Data provided:
========

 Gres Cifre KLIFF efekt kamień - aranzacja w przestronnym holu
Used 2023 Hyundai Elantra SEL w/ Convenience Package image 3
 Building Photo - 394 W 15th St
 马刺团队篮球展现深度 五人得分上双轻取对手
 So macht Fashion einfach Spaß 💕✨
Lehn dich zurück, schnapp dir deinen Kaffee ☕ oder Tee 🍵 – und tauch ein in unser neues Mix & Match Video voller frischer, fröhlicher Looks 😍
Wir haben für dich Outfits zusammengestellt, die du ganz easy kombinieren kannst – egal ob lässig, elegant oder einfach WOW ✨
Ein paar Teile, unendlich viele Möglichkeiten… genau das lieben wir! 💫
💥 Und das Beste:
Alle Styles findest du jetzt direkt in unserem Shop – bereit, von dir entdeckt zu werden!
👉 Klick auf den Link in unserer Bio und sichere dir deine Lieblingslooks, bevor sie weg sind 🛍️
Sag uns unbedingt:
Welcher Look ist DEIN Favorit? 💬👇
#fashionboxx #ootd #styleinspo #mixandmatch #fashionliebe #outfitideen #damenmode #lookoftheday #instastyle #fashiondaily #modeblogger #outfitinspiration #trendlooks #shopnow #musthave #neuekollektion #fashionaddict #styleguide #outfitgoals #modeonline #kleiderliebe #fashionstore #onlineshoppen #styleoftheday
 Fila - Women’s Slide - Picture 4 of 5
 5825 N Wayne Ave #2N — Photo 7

========

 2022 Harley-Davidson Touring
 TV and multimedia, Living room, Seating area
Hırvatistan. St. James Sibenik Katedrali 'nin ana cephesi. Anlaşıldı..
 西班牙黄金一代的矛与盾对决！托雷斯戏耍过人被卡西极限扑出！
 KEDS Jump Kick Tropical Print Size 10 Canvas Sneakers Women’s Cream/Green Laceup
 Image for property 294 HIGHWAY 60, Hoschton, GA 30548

========

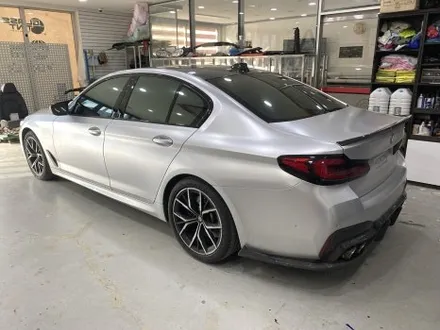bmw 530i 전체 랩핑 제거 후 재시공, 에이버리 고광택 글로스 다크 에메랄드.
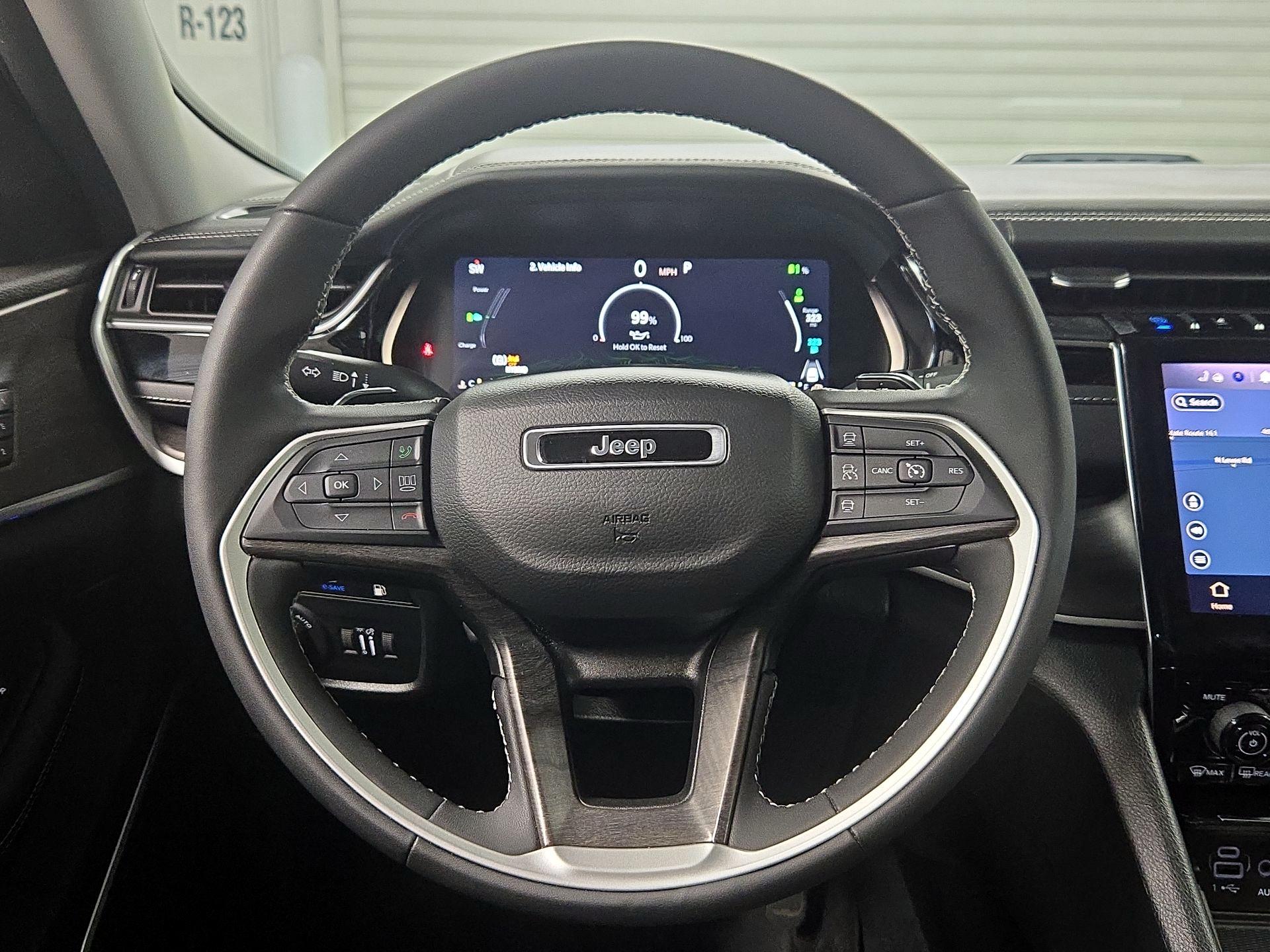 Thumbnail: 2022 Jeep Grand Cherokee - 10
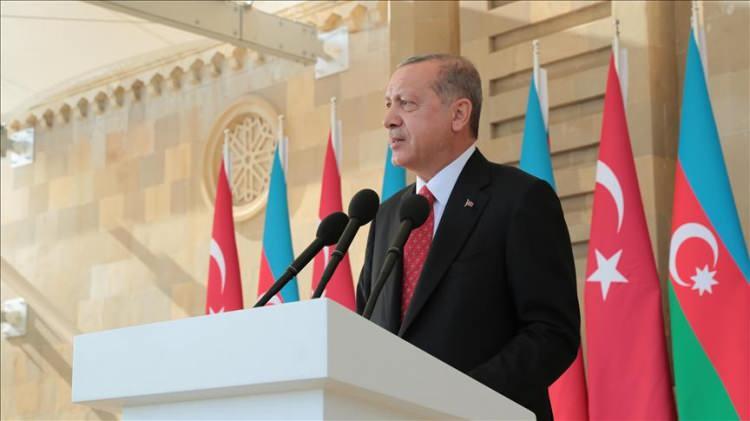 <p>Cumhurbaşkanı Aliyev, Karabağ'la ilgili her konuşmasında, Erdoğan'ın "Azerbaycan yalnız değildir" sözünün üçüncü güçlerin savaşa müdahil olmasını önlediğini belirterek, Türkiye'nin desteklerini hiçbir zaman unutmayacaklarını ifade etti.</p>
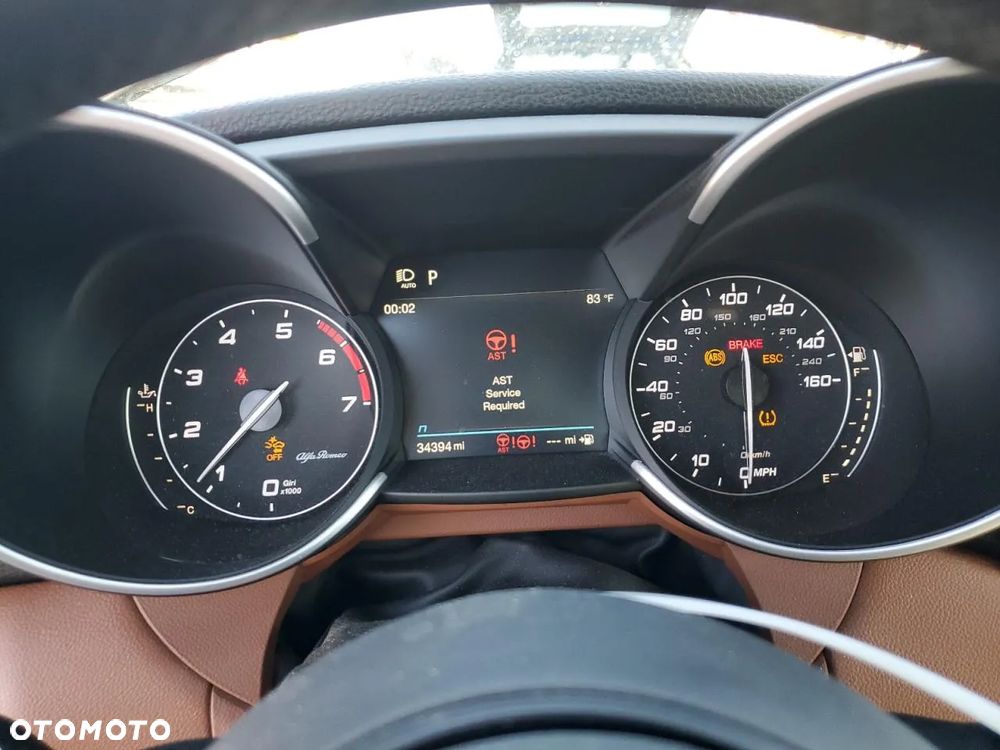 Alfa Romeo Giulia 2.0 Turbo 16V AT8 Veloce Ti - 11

========

Above are the records. Copy the lines beginning at the one that has "马刺团队篮球展现深度 五人得分上双轻取对手" and ending with the one that has "Fila - Women’s Slide - Picture 4 of 5", unchanged.

 马刺团队篮球展现深度 五人得分上双轻取对手
 So macht Fashion einfach Spaß 💕✨
Lehn dich zurück, schnapp dir deinen Kaffee ☕ oder Tee 🍵 – und tauch ein in unser neues Mix & Match Video voller frischer, fröhlicher Looks 😍
Wir haben für dich Outfits zusammengestellt, die du ganz easy kombinieren kannst – egal ob lässig, elegant oder einfach WOW ✨
Ein paar Teile, unendlich viele Möglichkeiten… genau das lieben wir! 💫
💥 Und das Beste:
Alle Styles findest du jetzt direkt in unserem Shop – bereit, von dir entdeckt zu werden!
👉 Klick auf den Link in unserer Bio und sichere dir deine Lieblingslooks, bevor sie weg sind 🛍️
Sag uns unbedingt:
Welcher Look ist DEIN Favorit? 💬👇
#fashionboxx #ootd #styleinspo #mixandmatch #fashionliebe #outfitideen #damenmode #lookoftheday #instastyle #fashiondaily #modeblogger #outfitinspiration #trendlooks #shopnow #musthave #neuekollektion #fashionaddict #styleguide #outfitgoals #modeonline #kleiderliebe #fashionstore #onlineshoppen #styleoftheday
 Fila - Women’s Slide - Picture 4 of 5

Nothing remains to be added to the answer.